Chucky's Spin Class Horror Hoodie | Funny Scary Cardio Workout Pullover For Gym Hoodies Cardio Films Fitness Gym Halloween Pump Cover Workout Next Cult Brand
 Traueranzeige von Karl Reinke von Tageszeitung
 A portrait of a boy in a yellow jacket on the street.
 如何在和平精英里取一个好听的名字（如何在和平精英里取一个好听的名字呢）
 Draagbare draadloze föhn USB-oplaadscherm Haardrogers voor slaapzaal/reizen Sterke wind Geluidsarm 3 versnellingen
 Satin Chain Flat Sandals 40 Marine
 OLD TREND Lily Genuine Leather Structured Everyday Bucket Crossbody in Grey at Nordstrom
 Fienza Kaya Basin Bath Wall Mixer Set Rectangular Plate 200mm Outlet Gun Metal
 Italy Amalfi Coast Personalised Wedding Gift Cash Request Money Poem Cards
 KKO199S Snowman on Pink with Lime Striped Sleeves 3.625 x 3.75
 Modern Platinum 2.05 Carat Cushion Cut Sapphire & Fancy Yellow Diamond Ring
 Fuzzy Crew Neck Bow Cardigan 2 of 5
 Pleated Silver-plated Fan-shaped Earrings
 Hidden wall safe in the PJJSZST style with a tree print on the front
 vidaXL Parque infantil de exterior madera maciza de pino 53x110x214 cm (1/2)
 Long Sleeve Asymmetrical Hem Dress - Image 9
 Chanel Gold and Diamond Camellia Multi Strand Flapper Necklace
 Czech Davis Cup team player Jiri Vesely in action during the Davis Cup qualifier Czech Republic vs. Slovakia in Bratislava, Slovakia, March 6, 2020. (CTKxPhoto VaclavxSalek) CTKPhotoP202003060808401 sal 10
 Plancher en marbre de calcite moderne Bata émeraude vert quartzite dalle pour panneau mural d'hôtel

### TASK ITEM
Each line in the listing that contains "Diamond" should be returned.

### SOLUTION TO THIS EXERCISE
 Modern Platinum 2.05 Carat Cushion Cut Sapphire & Fancy Yellow Diamond Ring
 Chanel Gold and Diamond Camellia Multi Strand Flapper Necklace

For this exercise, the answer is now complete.